| Task instructions |
Without the pictures, write out every entry that follows exactly.

[Saved data entries]
########
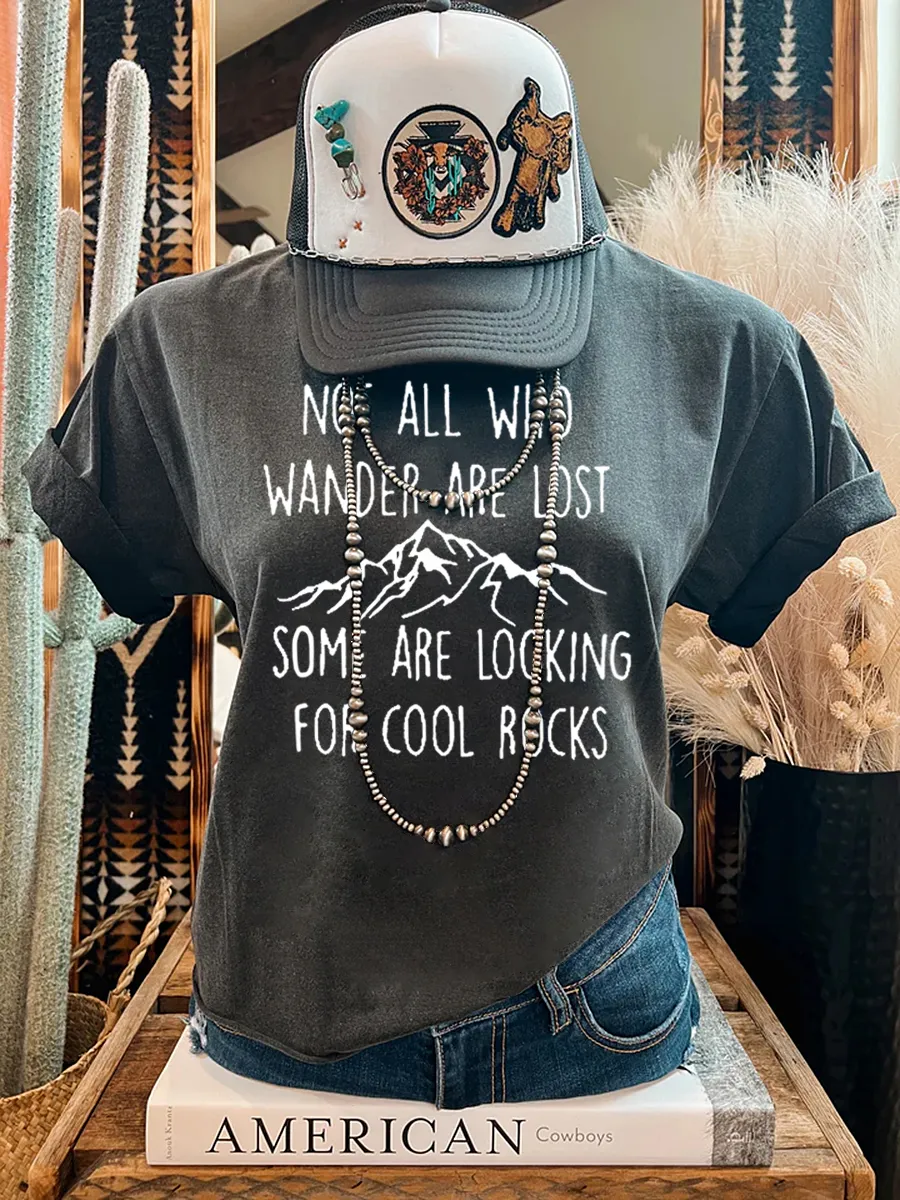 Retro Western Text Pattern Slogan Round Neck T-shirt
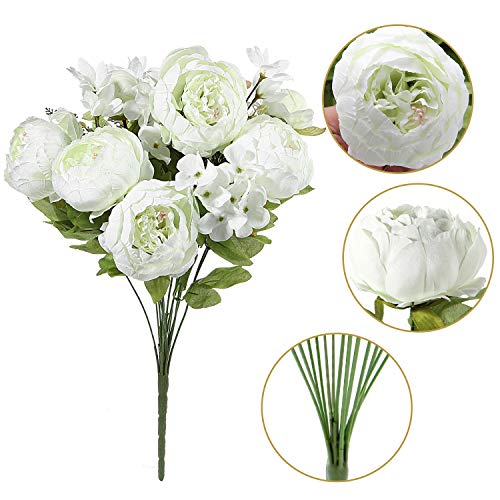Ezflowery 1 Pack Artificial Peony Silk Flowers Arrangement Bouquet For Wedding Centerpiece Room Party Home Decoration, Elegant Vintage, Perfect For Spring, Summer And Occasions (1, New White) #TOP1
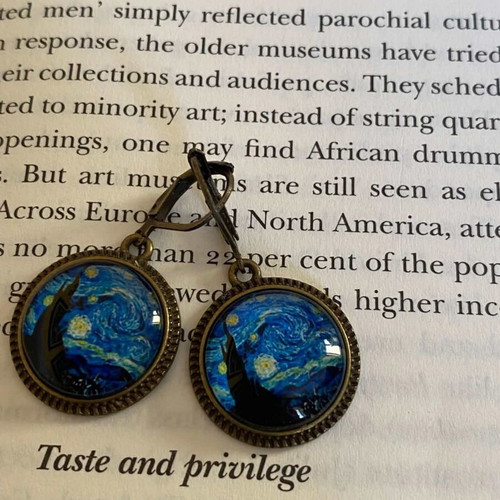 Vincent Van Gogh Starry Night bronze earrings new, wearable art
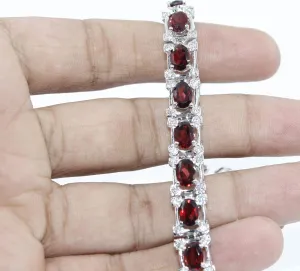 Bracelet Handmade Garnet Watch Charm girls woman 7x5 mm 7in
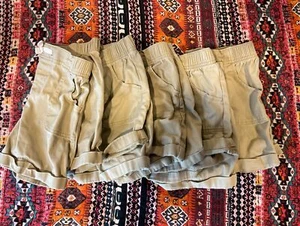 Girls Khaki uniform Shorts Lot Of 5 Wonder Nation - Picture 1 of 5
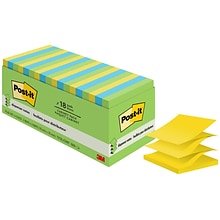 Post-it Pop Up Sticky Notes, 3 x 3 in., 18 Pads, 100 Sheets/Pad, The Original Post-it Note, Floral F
########
| Task response |
 Retro Western Text Pattern Slogan Round Neck T-shirt
Ezflowery 1 Pack Artificial Peony Silk Flowers Arrangement Bouquet For Wedding Centerpiece Room Party Home Decoration, Elegant Vintage, Perfect For Spring, Summer And Occasions (1, New White) #TOP1
 Vincent Van Gogh Starry Night bronze earrings new, wearable art
 Bracelet Handmade Garnet Watch Charm girls woman 7x5 mm 7in
 Girls Khaki uniform Shorts Lot Of 5 Wonder Nation - Picture 1 of 5
 Post-it Pop Up Sticky Notes, 3 x 3 in., 18 Pads, 100 Sheets/Pad, The Original Post-it Note, Floral F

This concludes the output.